You made this victory possible, too, if you took action on our email campaigns, shared our posts on social media or supported us financially.
Prior to passing this new legislation to ban child marriage, dangerous legal loopholes allowed a parent or guardian to enter a 16- or 17-year-old into marriage in D.C. with nothing more than a signature, without any input required from the child, and without any real legal recourse for a child who does not want to marry.
Our research found that some 110 minors were entered into marriage in D.C. between 2000 and 2023 — and two thirds of those were girls wed to adult men.
Furthermore, child marriage creates a nightmarish legal trap that destroys nearly every aspect of an American girl’s life. There’s a reason the U.S. State Department has called marriage before 18 a “human rights abuse.”

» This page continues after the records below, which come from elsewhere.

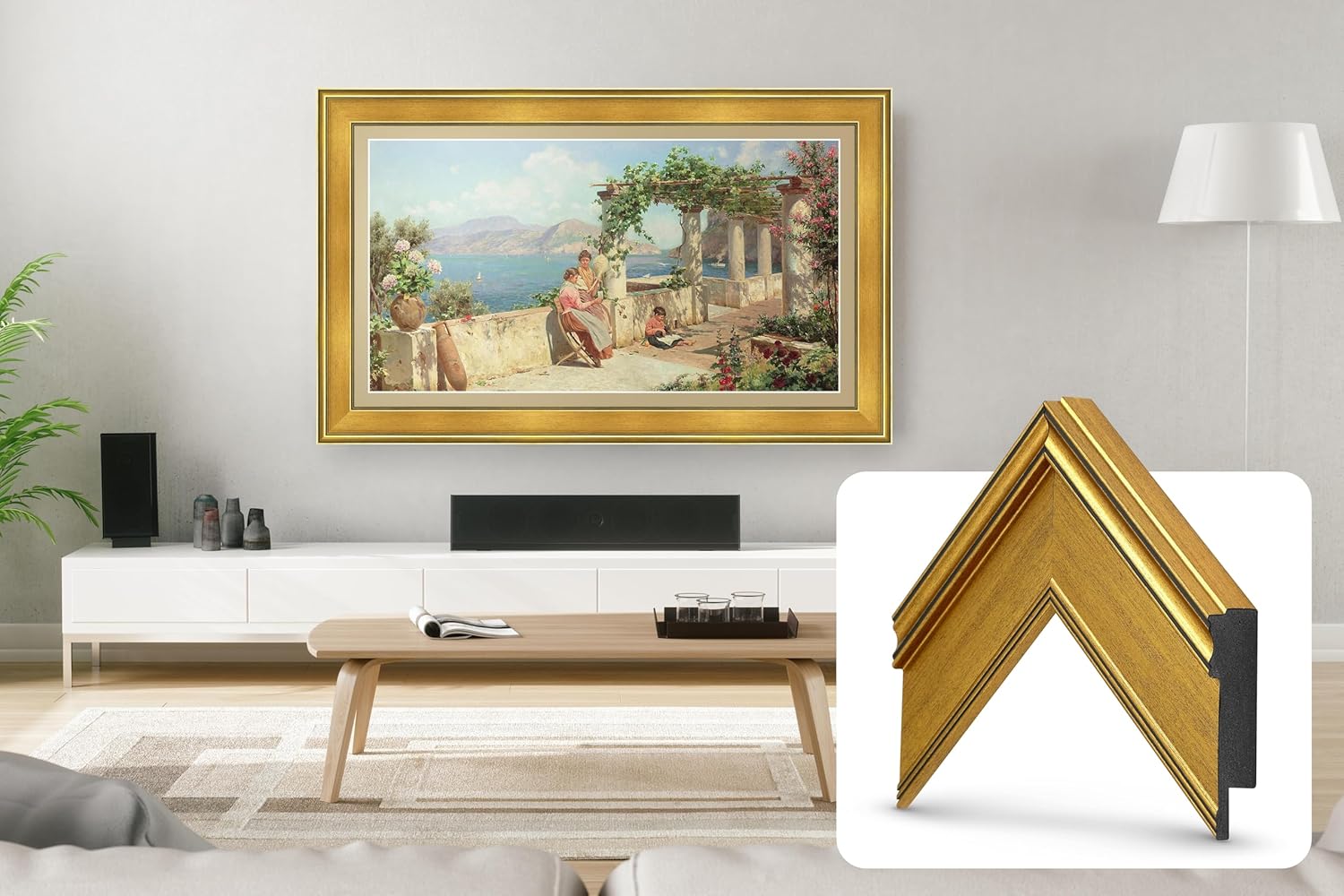 Antique Gold Deco Smart Frame for Samsung The Frame TV 32 Inch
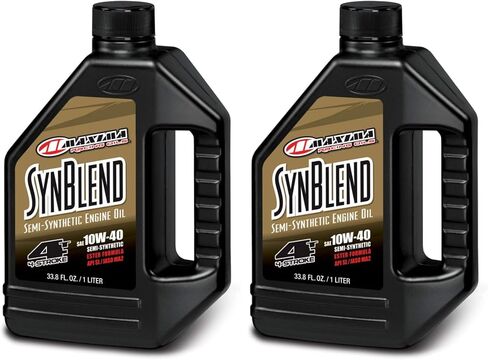 Maxima Racing Oils 349128B-2PK Syn Blend4 10w40 Synthetic Blend Motorcycle Engine Oil 1G Bottle, 2-Pack in Saudi Arabia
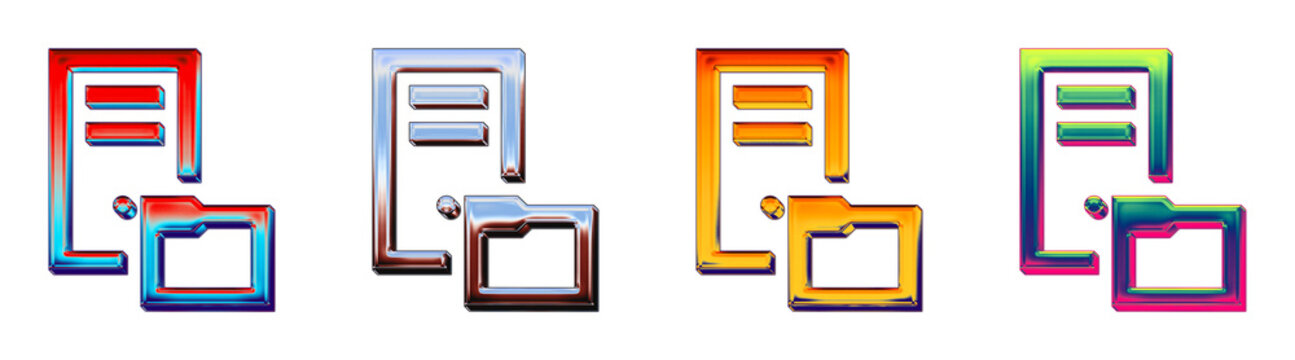 3D rendered plastic icon pack featuring ftp server. Data exchange icon collection and design. Modern icon design. Vibrant colors and soft shadows. Stylized vector icon collection.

D.C. has now joined 13 states (Delaware, New Jersey, Pennsylvania, Minnesota, Rhode Island, New York, Massachusetts, Vermont, Connecticut, Michigan, Washington, Virginia and New Hampshire) and two territories (American Samoa and the U.S. Virgin Islands) in embracing the simple, commonsense legislative solution we are pushing in all 50 U.S. states to ban child marriage, without exceptions. Such legislation harms no one, costs nothing and ends a human rights abuse.
Only 37 states and three territories to go. We promise to keep fighting for the more than 27 million girls who live in those states and territories, if you promise to keep partnering with us. Please donate now.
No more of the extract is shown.